If submarine is sighted or if gunfire from any ship indicates attack, destroyers and fast yachts of escort will head at best speed in direction of submarine, force it to submerge, and attack as conditions permit. They will rejoin convoy at earliest possible moment. If any ship is damaged by torpedo, two destroyers will stand by ship, those nearest of escort, affecting such rescue as may be necessary and possible.

CHAPTER II
“LAFAYETTE, WE ARE HERE!”

The Corsair stood out to sea with the transports and the escort in the morning of June 14th after a thick fog had delayed the departure for several hours. As finally selected, the ship’s company consisted of 130 officers and enlisted men. The shifting fortunes of war were to scatter most of them to other ships and stations during the long exile overseas, and when the battered yacht came home, only Commander Porter and Lieutenant McGuire and eighteen of the crew of this first muster roll were left on board.

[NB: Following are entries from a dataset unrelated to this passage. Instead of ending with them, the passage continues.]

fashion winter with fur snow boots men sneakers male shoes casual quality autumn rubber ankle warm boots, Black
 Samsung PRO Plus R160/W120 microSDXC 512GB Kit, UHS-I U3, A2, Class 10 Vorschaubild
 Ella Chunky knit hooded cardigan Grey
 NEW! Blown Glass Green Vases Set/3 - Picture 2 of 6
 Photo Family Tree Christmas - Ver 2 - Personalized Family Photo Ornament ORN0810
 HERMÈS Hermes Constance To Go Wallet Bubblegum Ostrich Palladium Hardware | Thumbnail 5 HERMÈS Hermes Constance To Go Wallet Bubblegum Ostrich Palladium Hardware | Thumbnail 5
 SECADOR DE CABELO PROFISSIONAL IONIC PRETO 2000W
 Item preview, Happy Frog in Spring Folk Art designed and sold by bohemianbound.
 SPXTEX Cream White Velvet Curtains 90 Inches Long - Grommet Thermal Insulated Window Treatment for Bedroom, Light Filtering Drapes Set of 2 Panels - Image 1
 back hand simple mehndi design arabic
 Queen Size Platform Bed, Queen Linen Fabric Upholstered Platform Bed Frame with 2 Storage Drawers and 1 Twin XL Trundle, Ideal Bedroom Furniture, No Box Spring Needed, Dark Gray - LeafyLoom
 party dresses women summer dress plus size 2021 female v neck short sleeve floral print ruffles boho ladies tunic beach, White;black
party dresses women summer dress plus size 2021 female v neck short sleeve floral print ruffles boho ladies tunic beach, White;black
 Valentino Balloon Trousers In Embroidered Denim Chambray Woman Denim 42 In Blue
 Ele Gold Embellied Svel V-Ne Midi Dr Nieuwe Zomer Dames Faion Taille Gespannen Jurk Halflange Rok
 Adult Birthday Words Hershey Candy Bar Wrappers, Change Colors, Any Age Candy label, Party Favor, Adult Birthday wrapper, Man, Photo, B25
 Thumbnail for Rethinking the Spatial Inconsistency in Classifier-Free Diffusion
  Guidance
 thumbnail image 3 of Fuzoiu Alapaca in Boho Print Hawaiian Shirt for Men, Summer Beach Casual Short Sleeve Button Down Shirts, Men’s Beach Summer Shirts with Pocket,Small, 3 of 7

Changes were so frequent that from first to last almost three hundred men served in the Corsair.[1] The ship proved to be a training school for officers, and made an exceptional record in that thirteen of her enlisted force and one warrant officer won commissions during the war, some taking the examinations while on foreign service and others being sent to Annapolis for the intensive course of three months and receiving the rank of temporary ensigns in the regular naval organization. On deck and below, men were rated as petty officers as rapidly as they displayed aptitude, and few of the crew failed to advance themselves. The spirit of the ship was eager and ambitious from the start and drudgery could not dull it.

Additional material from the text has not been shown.